___ Material supplied
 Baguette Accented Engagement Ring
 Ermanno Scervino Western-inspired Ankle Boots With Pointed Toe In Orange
______
___ Material supplied
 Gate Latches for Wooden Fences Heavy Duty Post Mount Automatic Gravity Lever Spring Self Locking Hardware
______
## What the task requires
Search the listing above for the lines with "Baguette Accented Engagement Ring" and "Ermanno Scervino Western-inspired", then output those lines and all lines between them exactly.

## Reply to the exercise
 Baguette Accented Engagement Ring
 Ermanno Scervino Western-inspired Ankle Boots With Pointed Toe In Orange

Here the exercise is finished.